El paraninfo era donde los reyes habían concedido audiencia en el pasado; ahora, el escenario de las clases públicas… Especialmente apropiado, pensó Basil, para una lección de Historia Antigua. Cualquiera podía asistir a una clase pública, y ésta estaba atrayendo a una verdadera multitud. Bajo el friso de vigilantes reyes de piedra, los amplios escalones del paraninfo estaban igual de atestados que la plaza frente al teatro. En los palcos situados a los pies de bronce de las estatuas ansélmicas de la Razón y la Imaginación que flanqueaban las escaleras, los vendedores ambulantes ofrecían frutos secos, bebidas e incluso cintas verdes en honor de las Humanidades. Basil se abrió paso a empujones a través de un enjambre de estudiosos, beneficiándose de la preferencia que le otorgaban las brillantes mangas de su toga de doctor, hasta llegar por fin al suelo del paraninfo propiamente dicho.
—¡Hey! ¡Doctor De Cloud! ¡Por aquí!
Era uno de los alumnos de Basil, Benedict Vandeleur, ondeando su manga como una bandera negra.
—¡Le hemos guardado un asiento, señor! —El confiado barítono de Vandeleur se imponía sin dificultad al runrún y el murmullo de las conversaciones—. Fremont —le ordenó Vandeleur al hombre que tenía al lado—. Ve a buscar al doctor De Cloud.
Los asientos del paraninfo se distribuían formando una herradura alrededor de tres laterales de la alta sala abovedada, un duro banco de madera sobre otro. Los bancos estaban repletos; incluso los escalones estaban atestados. Henry Fremont era lo bastante hábil, se fijó De Cloud, como para pisar sólo a los estudiantes; lo siguió ágilmente mientras regresaba por la misma ruta.

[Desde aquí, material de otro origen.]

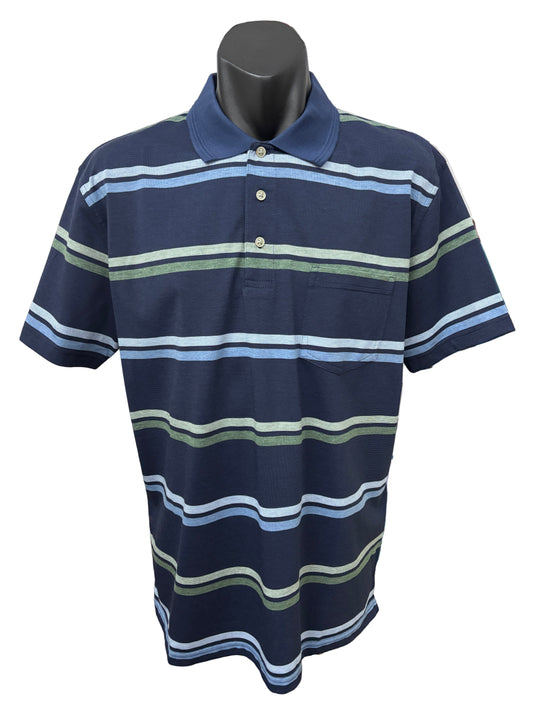 Blue Horizon Stripe Polo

Vandeleur debía de llevar horas allí para haber pillado tan buenos asientos. De Cloud podía ver claramente no sólo el estrado y la cristalera de arco alto que se alzaba sobre él, sino una pata de la herradura y a los hombres allí sentados. Distinguió a Tom Elton, Cassius y Rugg, tal y como le habían prometido, y debajo de ellos un puñado de nobles de atuendo abigarrado. Lejos quedaban los días en que la joven nobleza de la ciudad preferiría admitir que le gustaba beber vino agriado antes que asistir a una clase seria. Ahora, pasar uno o dos años aprendiendo algo inútil como matemáticas o astronomía impartía cierto prestigio. Cuando se convertían en hombres poderosos y ricos, algunos seguían yendo a la Universidad para revivir la estimulación intelectual de sus años mozos, o para asistir a clases públicas impartidas por los distinguidos doctores que ocupaban las cátedras de sus disciplinas. A Basil no le molestaba su presencia; le prestaban color a la escena, y cuando acudían a sus clases, pagaban bien.
En primera fila, pegado al estrado, estaba el enjuto semblante atezado de Roger Crabbe, doctor en Historia. Estaba conversando con uno de los gobernadores de la Universidad, pero se interrumpió bruscamente cuando un anciano empezó a subir a la tarima con paso tembloroso.
—¿Ése es Tortua? —preguntó Fremont—. Parece que tenga cien años. O doscientos. Podría haber conocido a Gerard el Último Rey en persona.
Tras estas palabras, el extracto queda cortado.